The ease with which attackers in possession of Twitter users' passwords can gain access to those users' accounts and to all private communications using Twitter appears to have driven company officials to begin pursuing two-factor authentication. This was revealed by a job listing on Twitter's site for a software engineer--product security. Listed in the job description is the responsibility to "design and develop user-facing security features, such as multifactor authentication and fraudulent login detection."
The job listing was spotted Monday by Britain's Guardian newspaper. Twitter didn't immediately respond to an emailed request for comment about whether it planned to add two-factor authentication to the site, or when it might make such a feature available. But Twitter's apparent two-factor authentication plans have already drawn praise. "This is a splendid idea -- I'm looking forward to it. It's something that we've wanted for some time," Graham Cluley, senior technology consultant at Sophos, told the Guardian. "We've often said we would be prepared to pay for it -- Twitter could monetize it by offering it to corporations and branded accounts. It would be pretty attractive."
Twitter's last major user-facing security improvement came in March 2012, when HTTPS became the default option for connecting to the site, thus securing communications between the Twitter site and Twitter users. Two-factor authentication, meanwhile, would add an extra layer of defense to Twitter's log-in processes and help stop attackers who managed to hack into Twitter's systems and steal users' passwords from accessing users' accounts.
Two-factor authentication has long been offered by Google for use with Gmail and other Google Apps. Dropbox, meanwhile, began offering two-factor authentication after suffering an embarrassing password breach. For both Google and Dropbox, users who have enabled two-factor authentication must enter both their password and a unique code -- the second factor -- generated either by an app on their smartphone or sent to their mobile phone in an SMS message.
Until Twitter adopts such a system, its only recourse when attackers hack into its systems and steal users' passwords -- assuming that the company spots the breach -- is to immediately expire those passwords, as Twitter says it has done.

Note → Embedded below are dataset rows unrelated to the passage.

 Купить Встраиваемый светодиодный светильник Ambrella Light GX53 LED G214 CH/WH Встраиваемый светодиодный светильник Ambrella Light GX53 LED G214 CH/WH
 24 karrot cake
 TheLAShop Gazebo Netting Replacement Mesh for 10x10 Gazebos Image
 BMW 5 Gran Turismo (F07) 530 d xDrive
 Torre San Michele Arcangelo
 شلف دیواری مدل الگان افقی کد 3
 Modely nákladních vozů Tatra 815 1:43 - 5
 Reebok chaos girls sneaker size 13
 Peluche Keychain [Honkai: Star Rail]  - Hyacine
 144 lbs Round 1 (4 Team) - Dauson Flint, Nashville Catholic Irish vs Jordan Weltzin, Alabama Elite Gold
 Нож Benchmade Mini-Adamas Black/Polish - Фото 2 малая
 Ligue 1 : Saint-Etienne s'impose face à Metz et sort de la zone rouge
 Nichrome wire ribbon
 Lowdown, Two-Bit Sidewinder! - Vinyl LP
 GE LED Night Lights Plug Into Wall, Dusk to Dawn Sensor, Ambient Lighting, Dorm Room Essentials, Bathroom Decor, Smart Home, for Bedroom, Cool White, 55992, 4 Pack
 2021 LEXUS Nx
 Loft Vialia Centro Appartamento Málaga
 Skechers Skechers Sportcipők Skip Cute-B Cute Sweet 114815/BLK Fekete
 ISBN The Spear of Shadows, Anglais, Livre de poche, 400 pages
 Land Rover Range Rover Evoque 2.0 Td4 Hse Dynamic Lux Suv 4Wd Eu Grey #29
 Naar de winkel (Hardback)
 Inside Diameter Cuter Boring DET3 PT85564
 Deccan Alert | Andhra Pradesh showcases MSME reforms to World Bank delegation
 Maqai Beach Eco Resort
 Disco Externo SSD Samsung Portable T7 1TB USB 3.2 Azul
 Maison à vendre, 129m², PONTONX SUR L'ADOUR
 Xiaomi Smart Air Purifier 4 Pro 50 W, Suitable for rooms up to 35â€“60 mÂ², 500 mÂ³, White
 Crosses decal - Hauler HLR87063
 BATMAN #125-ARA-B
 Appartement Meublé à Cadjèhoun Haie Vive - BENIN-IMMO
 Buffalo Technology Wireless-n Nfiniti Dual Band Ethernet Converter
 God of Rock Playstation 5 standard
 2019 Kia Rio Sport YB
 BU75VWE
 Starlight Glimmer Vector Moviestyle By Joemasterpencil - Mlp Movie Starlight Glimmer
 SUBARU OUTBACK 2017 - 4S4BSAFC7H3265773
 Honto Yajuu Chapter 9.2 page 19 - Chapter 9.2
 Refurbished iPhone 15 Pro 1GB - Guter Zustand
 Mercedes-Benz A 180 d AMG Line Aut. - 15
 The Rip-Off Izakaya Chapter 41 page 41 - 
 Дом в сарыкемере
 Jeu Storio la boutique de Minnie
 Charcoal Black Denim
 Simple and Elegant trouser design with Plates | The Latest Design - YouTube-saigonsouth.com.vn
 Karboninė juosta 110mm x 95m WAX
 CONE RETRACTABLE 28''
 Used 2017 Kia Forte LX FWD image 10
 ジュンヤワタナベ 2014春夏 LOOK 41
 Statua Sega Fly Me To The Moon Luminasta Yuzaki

Interestingly, however, some affected users have reported that their expired passwords still work when they log into Twitter via the Twitter API, which is used by third-party tools such as Tweetdeck as well as Twitter's own iOS Twitter apps to allow the application to access Twitter.
According to Twitter spokesperson Jim Prosser, the continuing access comes via Twitter's use of the Open Authorization (OAuth) open source standard for authorization. "TweetDeck and other clients use OAuth, so as long as you don't sign out, you don't have to re-input your credential every time you open the app," Prosser told The Register, which first spotted the problem. But Twitter's failing to expire OAuth tokens means that not all users affected by the breach have had their OAuth session tokens likewise expired.
Twitter didn't immediately respond to an emailed request for comment about whether it might expire the OAuth tokens for users affected by the password breach.
This isn't the first seeming glitch in how Twitter handles third-party authentication to its services. Last month, notably, security researcher Cesar Cerrudo reported finding "a simple bypass trick for third-party applications to obtain access to a user's Twitter direct messages." Cerrudo said he made the discovery after finding that a Web application he was testing -- to which he hadn't granted authorization to access his direct messages -- was able to access and display those messages.